Andrew Balfour’s Notinikew: Going to War has been making a national name for itself since its performance in November 2022 in Edmonton with the Chronos Vocal Ensemble. An anti-war mini-drama, and one of Balfour’s Truth and Reconciliation choral concerts, Notinikew will be performed again in February 2023 on two separate occasions, in two different cities. Andrew Balfour’s own vocal ensemble, Dead of Winter, will perform Notinikew in Winnipeg on February 20, and then in Montreal as part of the SMCQ (Société de musique contemporaine du Québec) Festival on February 24.

“Being invited to perform at the SMCQ Festival in Montreal is a huge honour,” says Balfour. “This is one of the foremost performing arts organizations in Montreal promoting contemporary music.” Since 2003, SMCQ has organized the MNM Festival (Montreal/New Music Festival), an international biennial festival presented in partnership with Radio-Canada and Montreal’s university sector. This year, Dead of Winter has been invited to perform Notinikew, adding to the group’s growing reputation as a nationally renowned vocal ensemble.

Balfour will spearhead both performances as Dead of Winter’s Artistic Director, alongside conductor/curator Mel Braun.
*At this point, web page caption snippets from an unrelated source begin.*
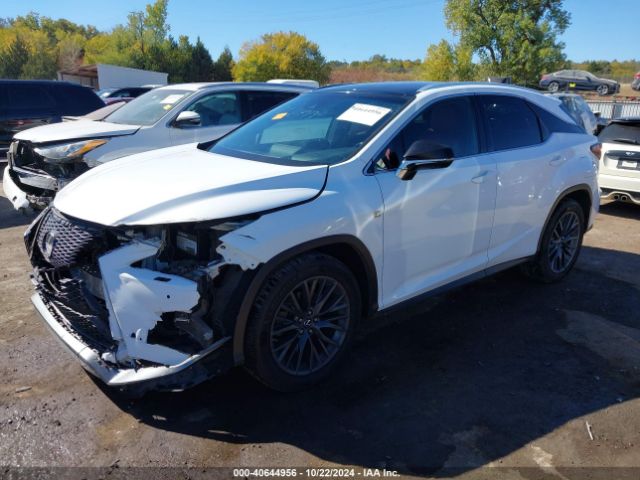 Photo 1 VIN: 2T2BZMCA9HC078350 - LEXUS RX 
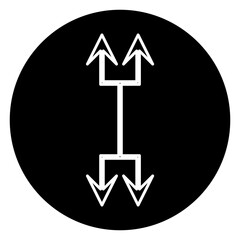 arrow glyph icon 2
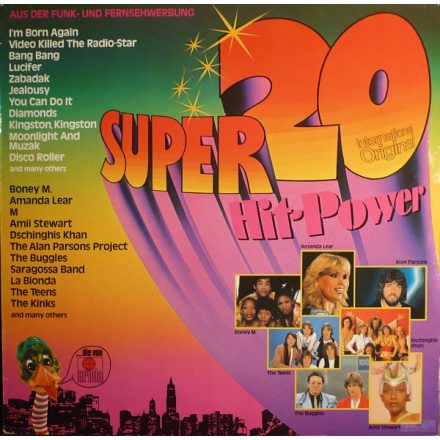 Various – Super 20 Hit-Power Lp (Vg+/Ex)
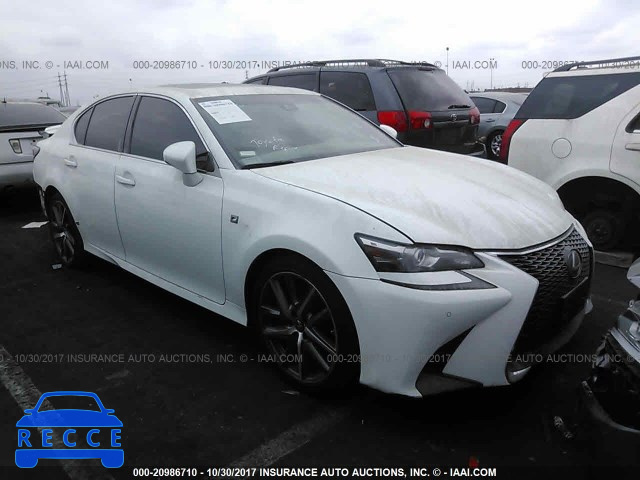 2016 Lexus GS 350 JTHBZ1BL3GA006356 зображення 0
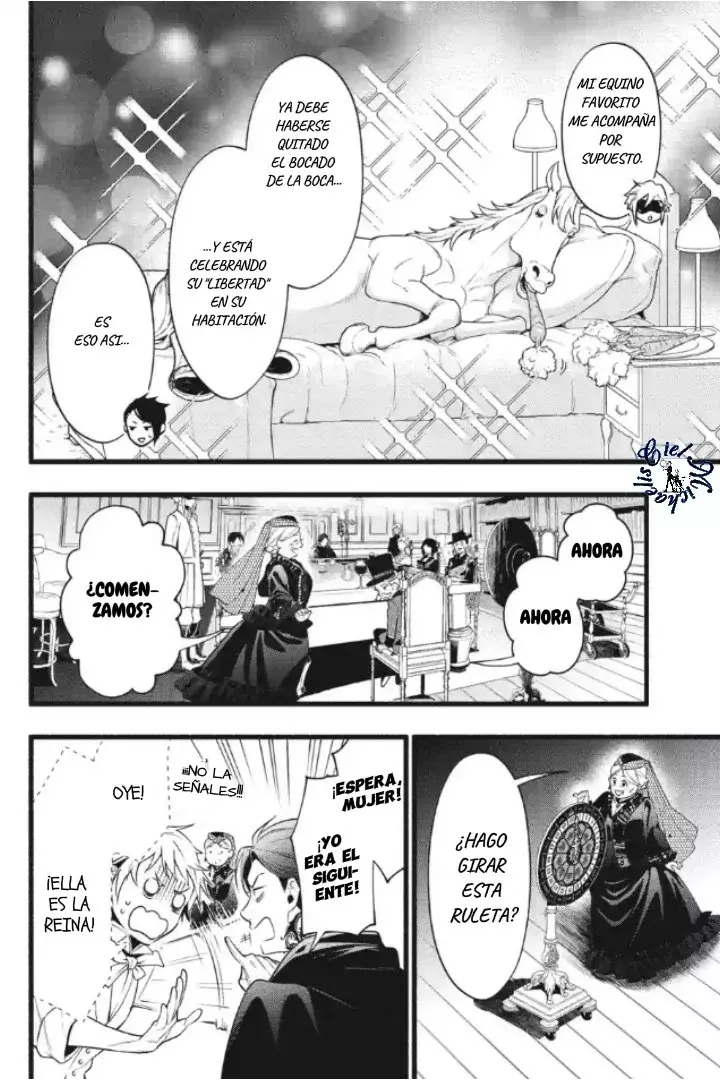 Kuroshitsuji - Capítulo 221 - Página 12 - LectorTMOo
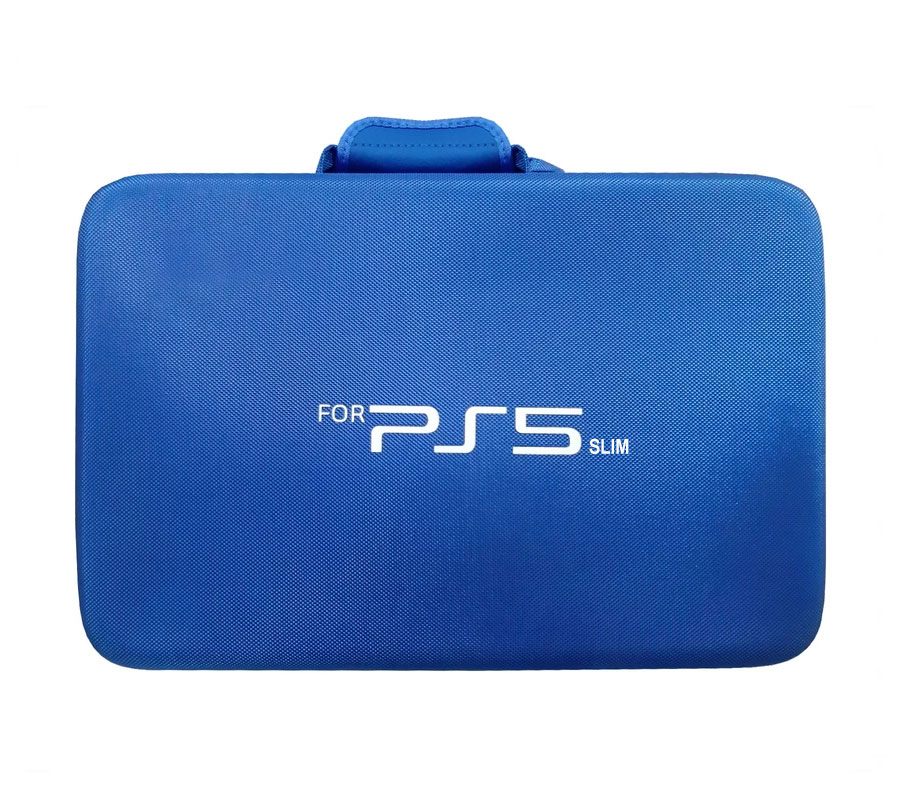 Original PlayStation 5 slim bag - playx brand - blue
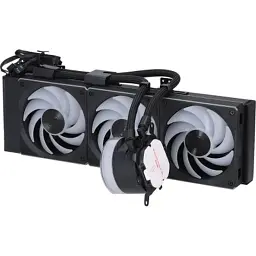 Система рідинного охолодження Lian Li HydroShift II LCD-C 360CL, Black (G89.GHS2LCD36RB.00) - мініатюра 4
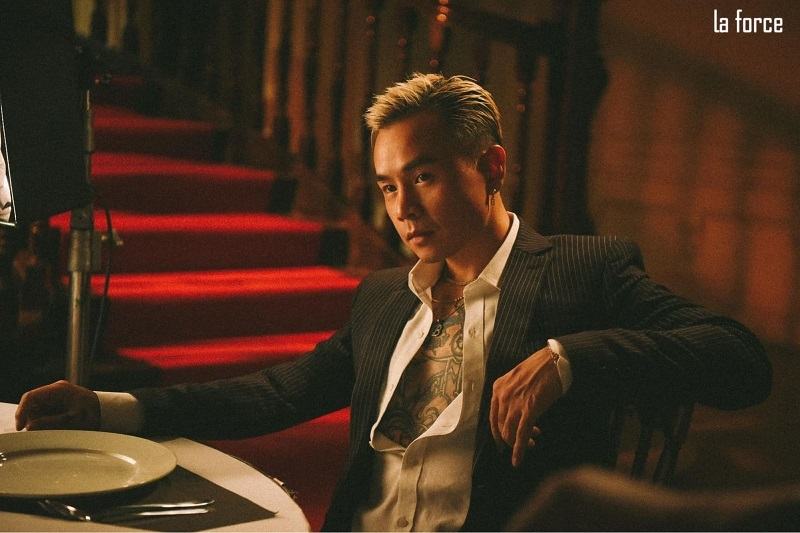 Phối đồ phong cách badboy cho nam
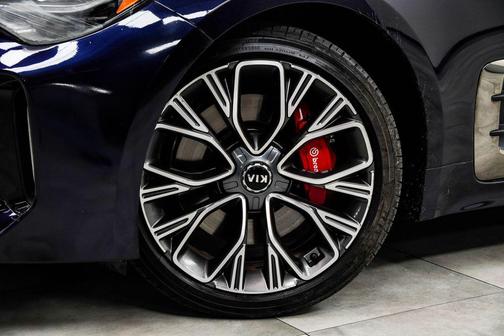Deep Chroma Blue 2020 Kia Stinger GT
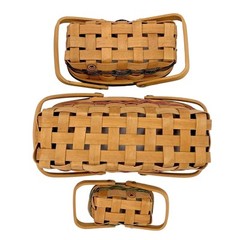 Boyds Bear Collection Aunt Mamie’s Bread Baskets Small Medium Large
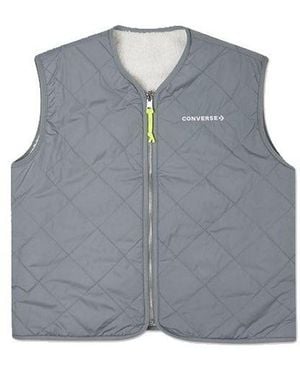 Converse (Wmns) Sherpa Reversible Vest - Blue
The roster of guest artists for the 2023 performances includes Winston Wuttunee as narrator (MB performance), Leanne Zacharias on electro-acoustic cello, Nolan Kehler as tenor soloist, John Anderson as bass soloist, Ojibway Song Keeper Cory Campbell, and the Winnipeg Boys Choir Trebles, directed by Carolyn Boyes.

Balfour’s inspiration for Notinikew: Going to War was sparked by his love of history, particularly the European wars. “While Indigenous individuals of Canada have fought in every major conflict from the War of 1812 to Afghanistan, they were rewarded for their contributions to World War One by being denied benefits and forbidden to leave their reserves,” says Balfour.

The motivations as to why Indigenous people would fight for a country that tried to eradicate their culture fascinates Balfour. “All war is insanity,” says Balfour. “I wanted to do an anti-war piece, but also question why Indigenous people would go and fight in that war, and what would drive them to sign up and travel overseas and fight in the bloodiest conflict ever at that time.”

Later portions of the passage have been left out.